Accounts receivable is a legally enforceable claim for payment from a business to its customers for goods they have purchased or services requested. These are normally in the form of invoices raised by a business and delivered to the customer for payment within an approximate time frame. Accounts receivable is shown in a balance sheet as an asset.

Explanation of accounts receivable:

Accounts receivable represents money that is owned by entities to the firm which sold them the products or rendered services on credit. In most of the businesses, accounts receivable is typically used by generating an invoice. The invoices are then mailed or electronically sent to the customer. The customer then must pay his or her account within the established time frame which is called the credit terms or payment terms.

The accounts receivable department uses the sales ledger because the ledger normally records:

  1. The sales the business has made.
  2. The amount of money received for goods or services.
  3. The amount of money owed at the end of each month.

Payment terms:

The most common payment term is “Net 30 days”, which mean that the debtor must pay 30 days after the invoice was created. Usually a business will offer a discount for early payment. Other common payment terms include Net 45, Net 60 and 30 days end of month. The creditor may charge late fees or interest if the amount is not paid by the due date.

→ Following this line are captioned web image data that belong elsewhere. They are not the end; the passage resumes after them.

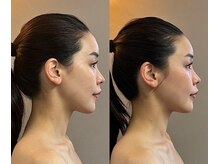 リフテグレース(LIFTE Grace)/オールハンド小顔フェイシャル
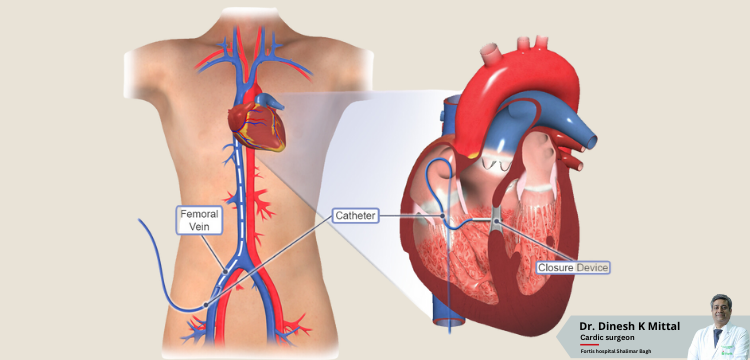 Is-Adult-VSD-Closure-a-Viable-Solution-for-Heart-Problems.png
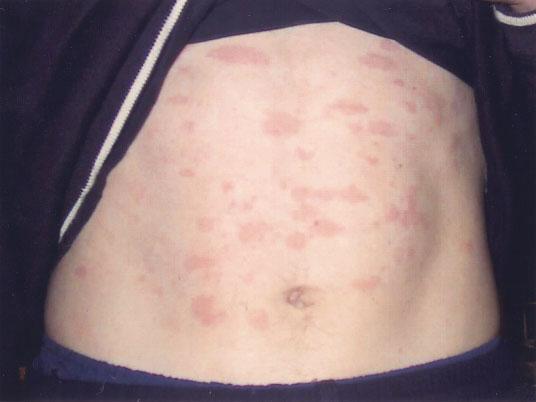 ANAKINRA IN MWS 609 Figure 1. Rash in a 22-year-old man with Muckle-Wells syndrome associated with NALP3 V200M variant.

Booking a receivable is done by a simple accounting transaction. The process of maintaining and collecting payments on the accounts receivable subsidiary account balances can be a full-time proposition. Accounts receivable payments can be receives up to 10 to 15 days after the due date has been reached, depending on the industry.

Since not all customer debts will be collected, businesses typically estimate the amount of and then record an allowance for doubtful accounts. These appear on the balance sheet as a contra account that offsets total accounts receivable. When accounts receivable are not paid, some companies turn them over to third-party collection agencies or debt collectors. They will attempt to recover the debt by negotiating payment plans, settlement offers or pursuing other legal action.

Outstanding advances form part of accounts receivable if a company gets an order from its customers with payment terms agreed upon in advance. Since the billling is done to claim the advances several times, this areaof collecible is not reflected in accounts receivables. Due to the fact that payment is received in advance, it is the account department’s responsibility to periodically take out the statement showing advance collectible and should be provided to sales and marketing for collection of advances. The payment of accounts receivable can be protected either by a letter of credit or by trade credit insurance.